Some years back this book triggered childhood memories that I had forgotten. Michael McCarthy was explaining how in his childhood the insects were so abundant that it could be likened to a snowstorm - travelling in a car at night moths would swarm the headlight beams like "snowflakes in a blizzard,” and consequently this meant regular stops to clear the windscreen of insect bodies. This blizzard effect and regular windscreen cleaning happened during my childhood in Northern NSW and South-East QLD. And the moths were so big. The book quickly caught my attention and I wondered how I had forgotten those experiences.
One of McCarthy's major points is that it is just not the dwindling of species we should be concerned about but also the overall vanishing of numbers within species. This he calls the 'great thinning'. This can be hard to recognise, particularly for younger generations. When during a discussion one day I described to my daughter the experience of travelling around at night as a child and needing to clean windscreens due to the shear volume of insects, she rightly asked where did they all go. Good question. My response was a sigh and a not so helpful, "They are just gone".

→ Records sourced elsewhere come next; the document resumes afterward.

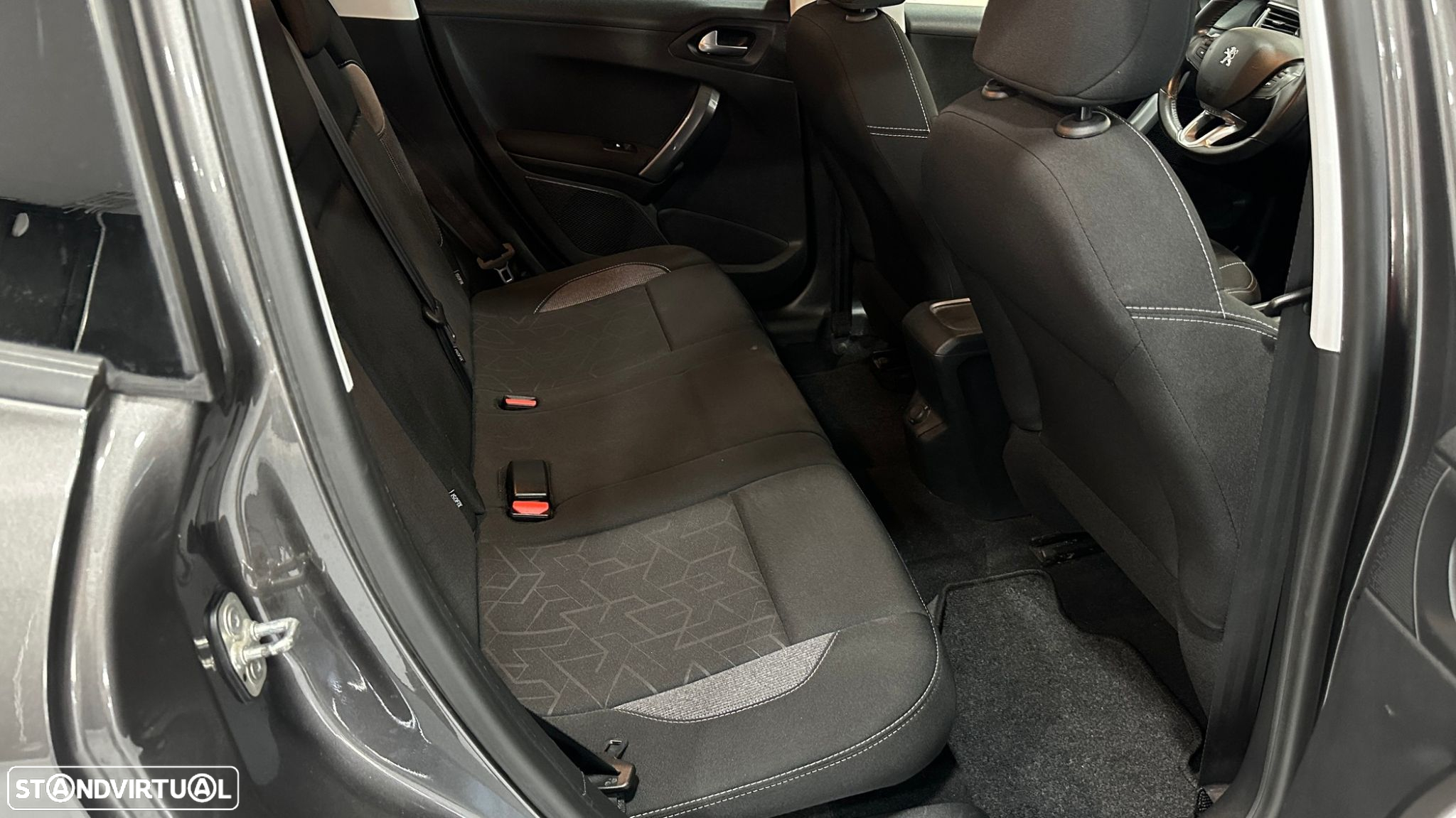 Peugeot 2008 1.6 BlueHDi Style - 46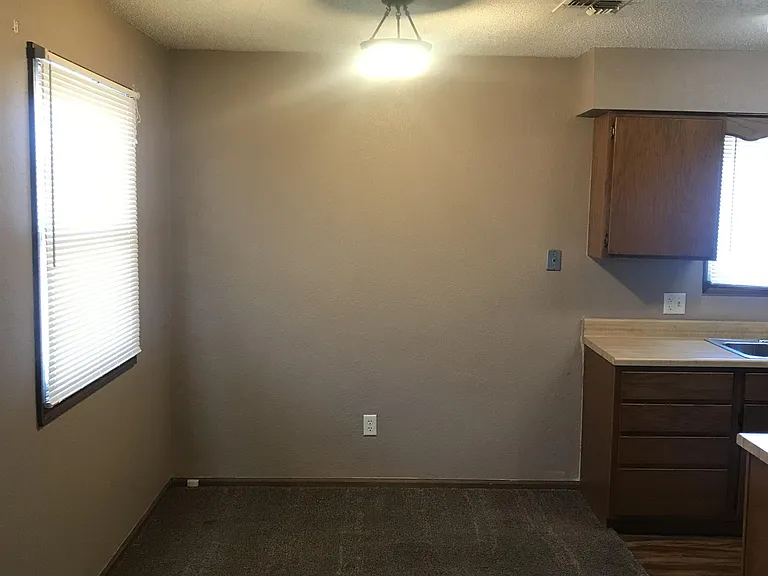1312 Cherry Place - D — Photo 5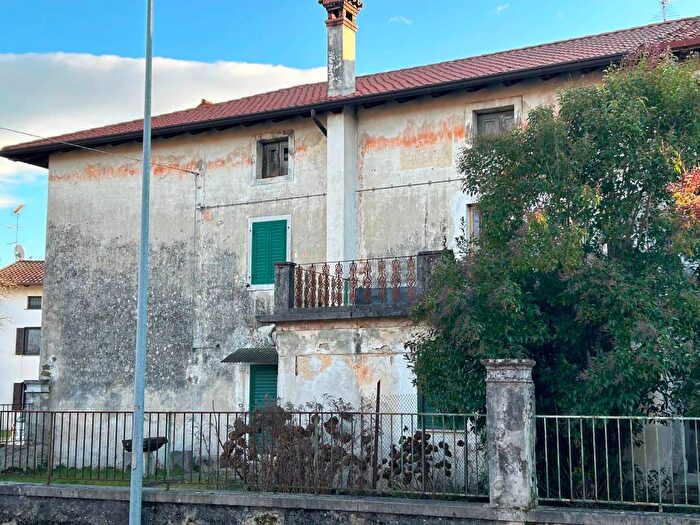 Casa con 6 locali in vendita in Via Pietro Blaserna, San Valentino, Fiumicello Villa Vicentina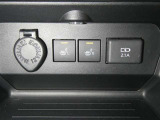 【シートヒーター搭載】シートを温めてくれる暖房機器です!長時間座っていると負担が掛かりやすい背中や腰、または冬場の寒い日に冷えやすい脚部に快適なぬくもりを♪
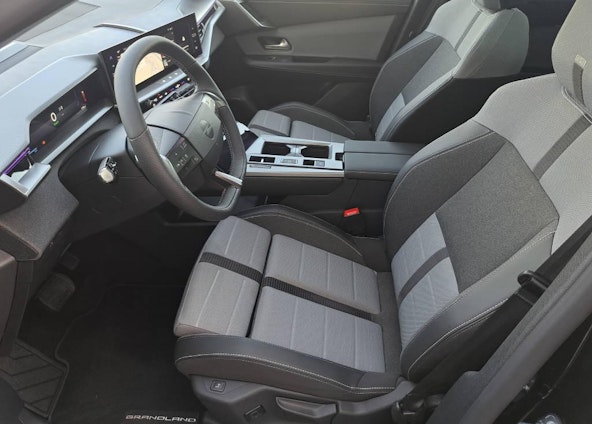 Vehicle image 7 Vehicle image 7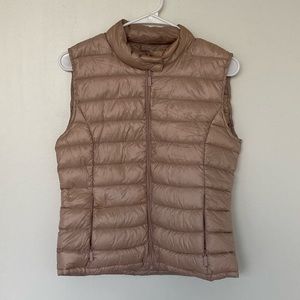 Aritzia Babaton Puffer Vest, Small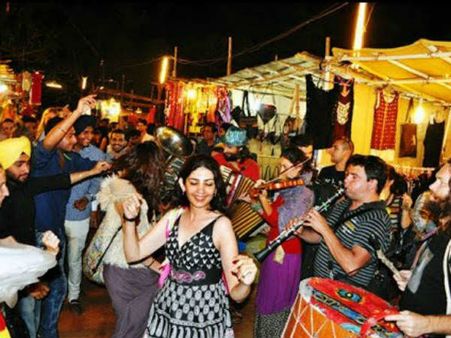 અમદાવાદના 10 સૌથી સસ્તા સ્ટ્રીટ શોપિંગ બજાર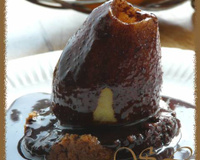 Poire fondante sur sablé de spéculoos et sa sauce au chocolat roquefort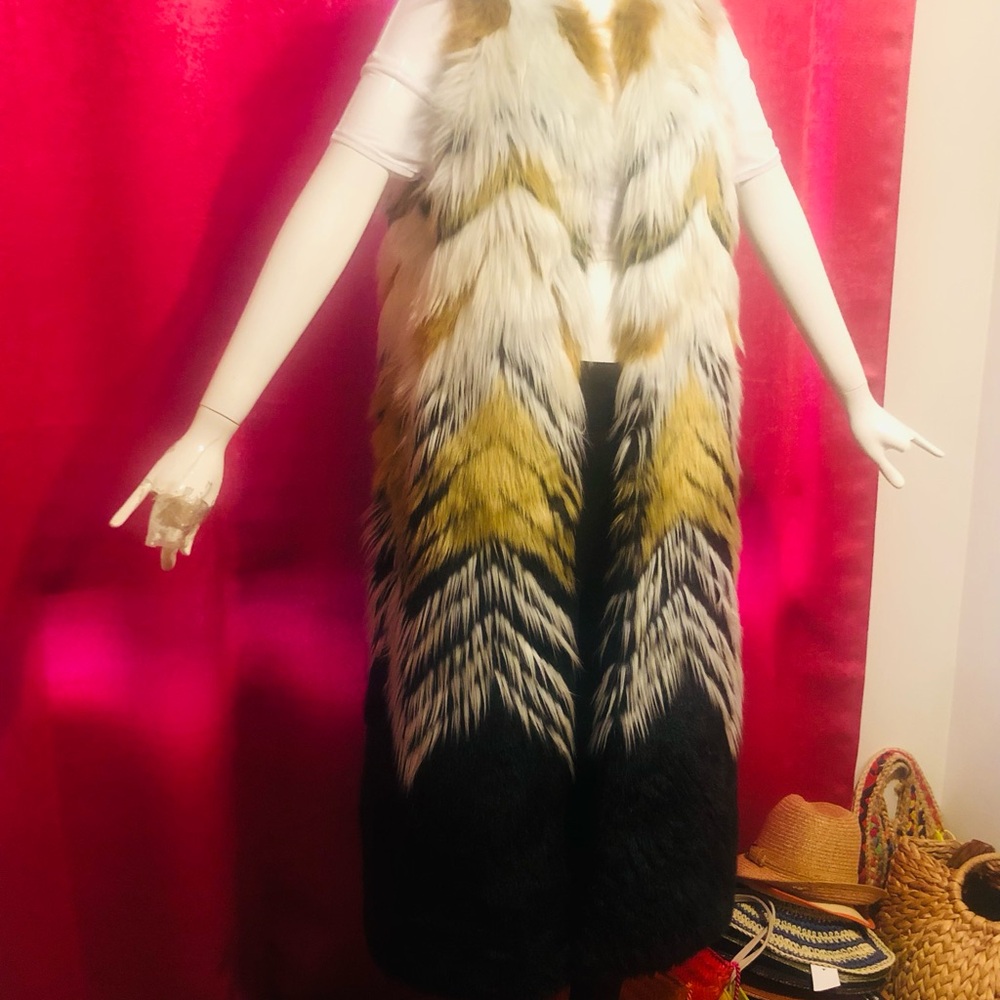 Fabulous Furs (Donna Salyers)Elegant Black Faux Fur Vest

McCarthy's antidote to this great thinning is that we need to get away from instrumental approaches to addressing these problems. In particular he singles out the deficiencies with so called sustainable development; putting a monetary value on ecosystem services such as clean water; and dubious nature offsetting schemes where land is 'horse traded' for development purposes. Instead, he suggests that we see nature as intrinsically valuable in its own right. Furthermore he takes this further to argue that the natural world can be an emotional and spiritual wellspring that inspires joy, wonder, and even love. There is definately something in this reasoning. Indeed it is this wonder, joy and love that motivates many, if not most of us, onward to the next tree planting, the next weeding and the myriad of other activities that make up wildlife conservation work.